Well, Triadic Closure would say that those edges that closed

triangles are good candidates for edges that may show up next.

So, here, all the red edges form closed triangles,

and so, these are good candidates for edges that may show up.

However, we don't always have time stamps,

or we don't always know the ordering in which the edges come into the network.

Sometimes, we're just given a static network with no time stamps, and sometimes,

we want to know whether Triadic Closure is present in this network,

whether it has lots of triangles or not.

And so, what we're going to be talking about in this video is,

how can we measure the prevalence of Triadic Closure in a network?

Another way of referring to Triadic Closure is Clustering.

So, lots of the definitions that we're going to be

covering today are referred to as Clustering.

So, we'll start with a local version of measuring Clustering.

We're going to be measuring Clustering from the point of view of a single node.

And, this is called a Local Clustering Coefficient.

And, the way it's defined is the fraction

of pairs of the nodes friends that are friends with each other.

The best way to show you how Local Clustering

Coefficient works is by showing you an example.

So, let's say, you wanted to compute the Clustering Coefficient of node C. What you

would need to do is to take the ratio of the number of

pairs of C's friends who are friends with each other,

and the total number of pairs of C's friends.
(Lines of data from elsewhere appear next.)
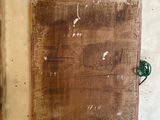 a picture of a piece of wood on a wall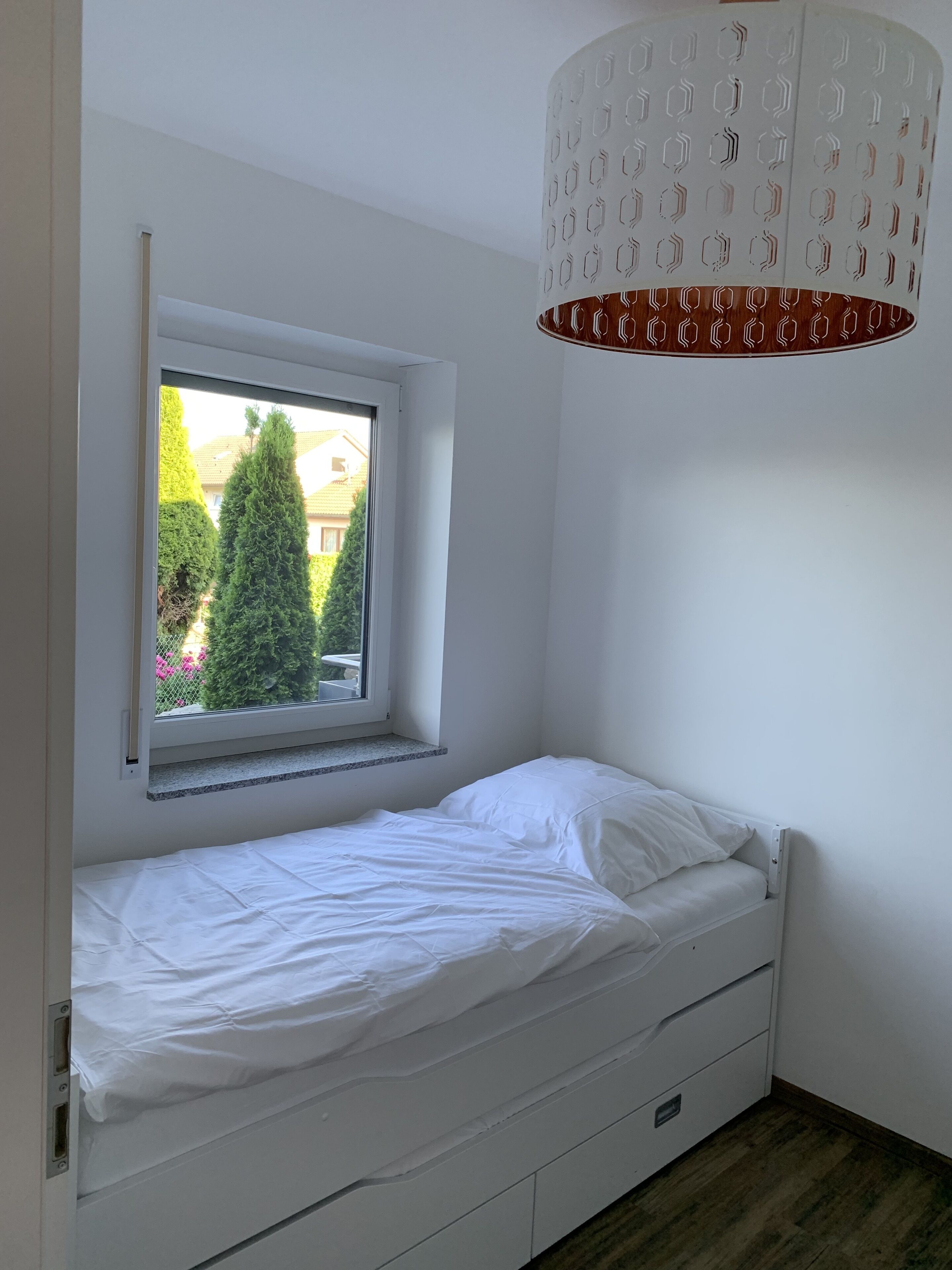 A small, white bedroom with a single bed, a window, and a ceiling light fixture.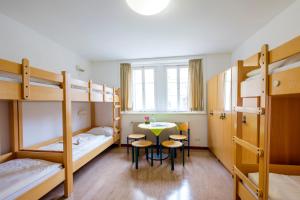 a room with a table and chairs and bunk beds at Jugendherberge Youth Hostel Rothenburg Ob Der Tauber in Rothenburg ob der Tauber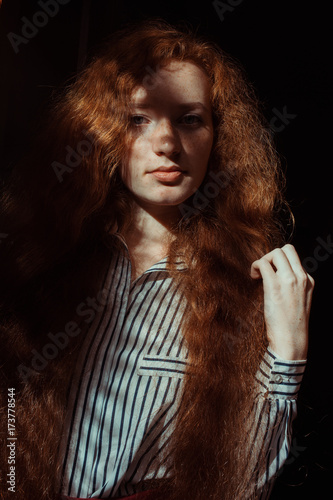 Pretty red haired model with freckles and long hair. Woman with shadow on her face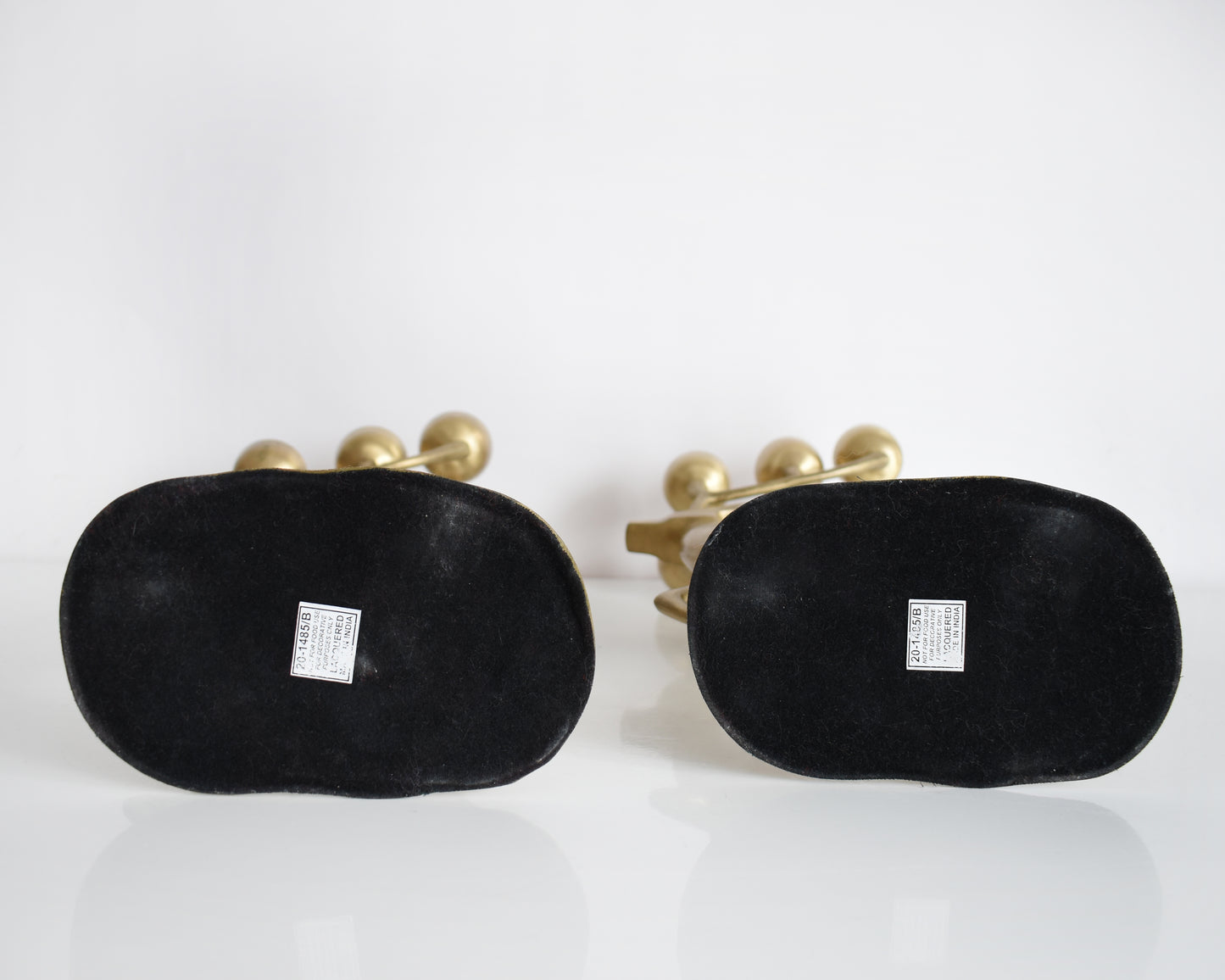 The black felt bottoms on the base.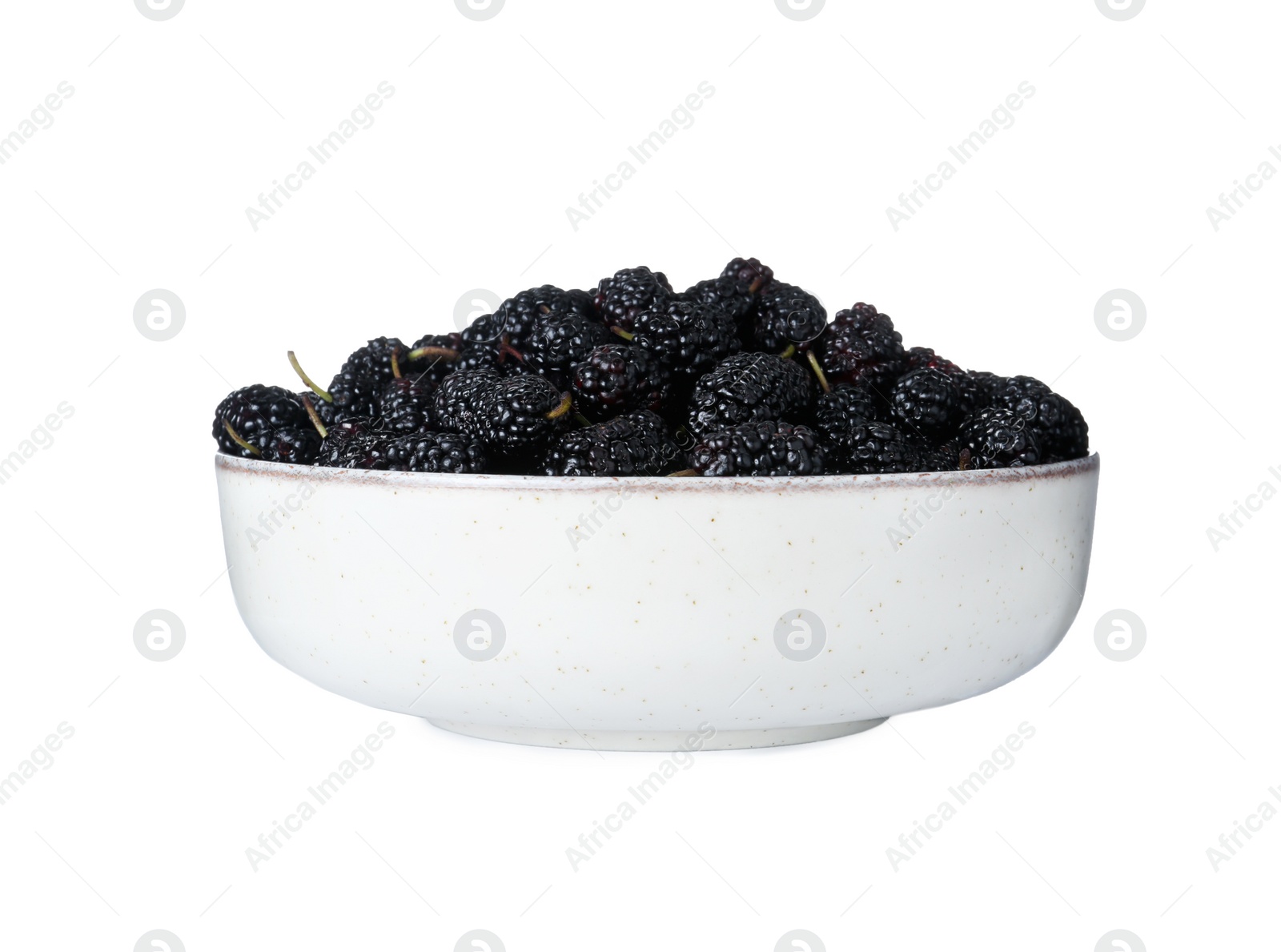 Photo of Bowl of delicious ripe black mulberries isolated on white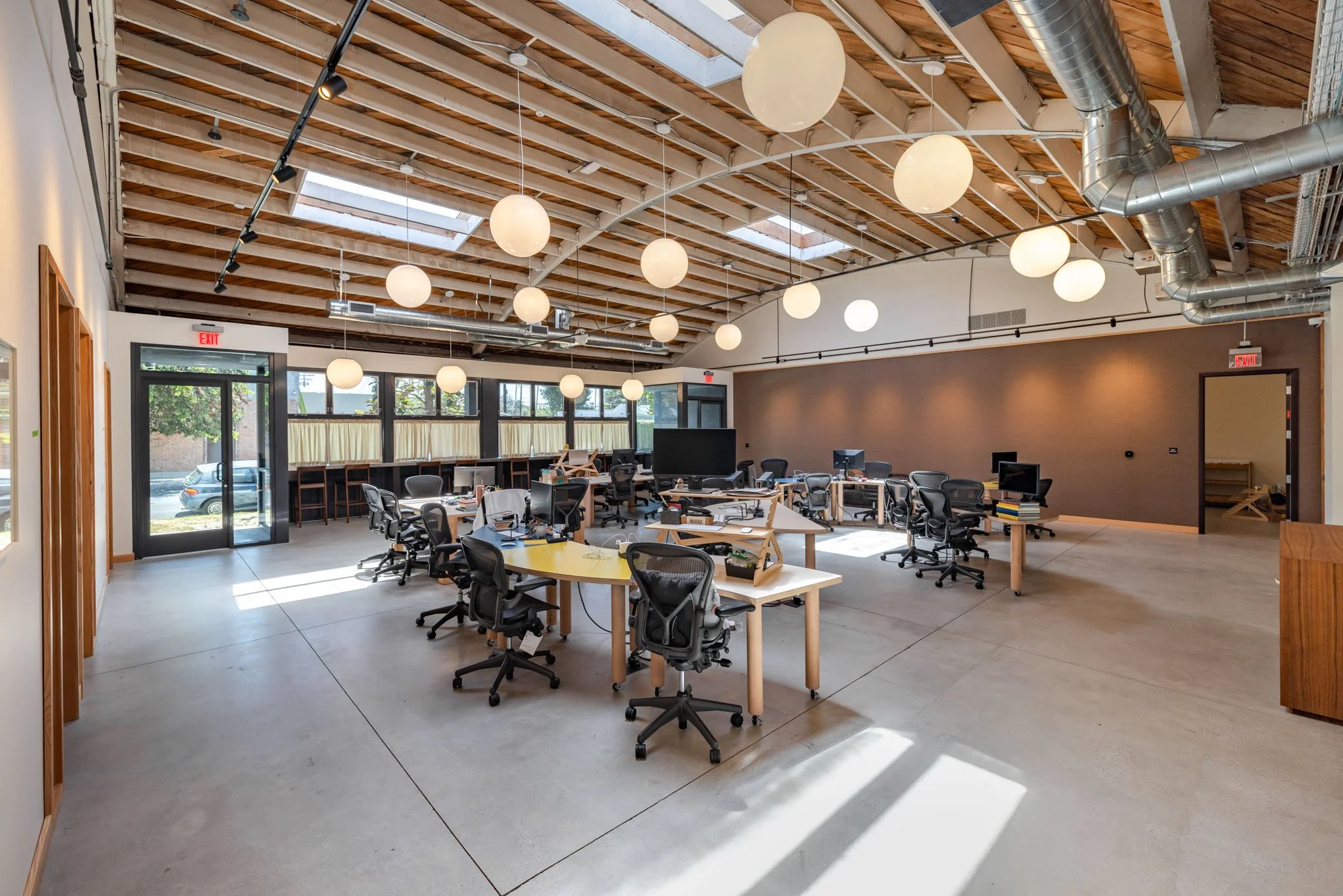 Empty modern office space with multiple desks, chairs, computers, and large windows, with ceiling lights and exposed ductwork.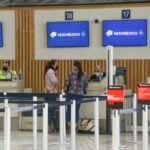Passengers check in for a flight at the Aeroméxico ticket counter at Felipe Ángeles International Airport (AIFA).
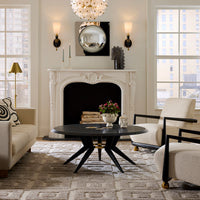 A styled interior living room scene featuring a white carved fireplace mantel, a round black coffee table with black star legs, two cream upholstered armchairs with black frames, a patterned rug, and large windows.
Okay. So, C has four friends in this network.

That means that C has a degree of four.

That's what we refer to as degree.

It's the number of connections that a node has.

And, we refer to it as DC as well.

So, DC here, which the degree of C is four.

Now, how many pairs of C's friends are there?

Well, there are four friends of C,

and you can easily see that,

if you have four pairs of four people,

then there are six total possible pairs of people.

And so, the total number of pairs of C's friends is six.

Now, this is easy to see because there is only four friends of C,

but sometimes, there are many more and

it might be harder to see how many possible pairs of friends you have.

So, what you can do is you can just use this formula here which tells you how many.

It's dc times dc-1 over two.

In this case, that number is six,

which is 12 or 2.

Okay. So, that will be our denominator. What about the numerator?

The number of pairs of friends of C who are friends with each other.

Well, there are only two pairs of friends of C that are friends with each other.

AB and EF. So, that number is two.

So then, the Local Clustering Coefficient of node C is two over six or one-third.

That means that one-third of all the possible pairs of friends of C

who could be friends, are actually friends.

Okay. Let's do another example.

Compute the Local Clustering Coefficient of node F. Again,

we need to compute the ratio of

the number of pairs of F's friends who are friends with each other,

and the total number of pairs of F's friends.

So, we'll do the same thing here.

F has a degree of three.

So, the number of pairs of F's friends is three times two over two which is three.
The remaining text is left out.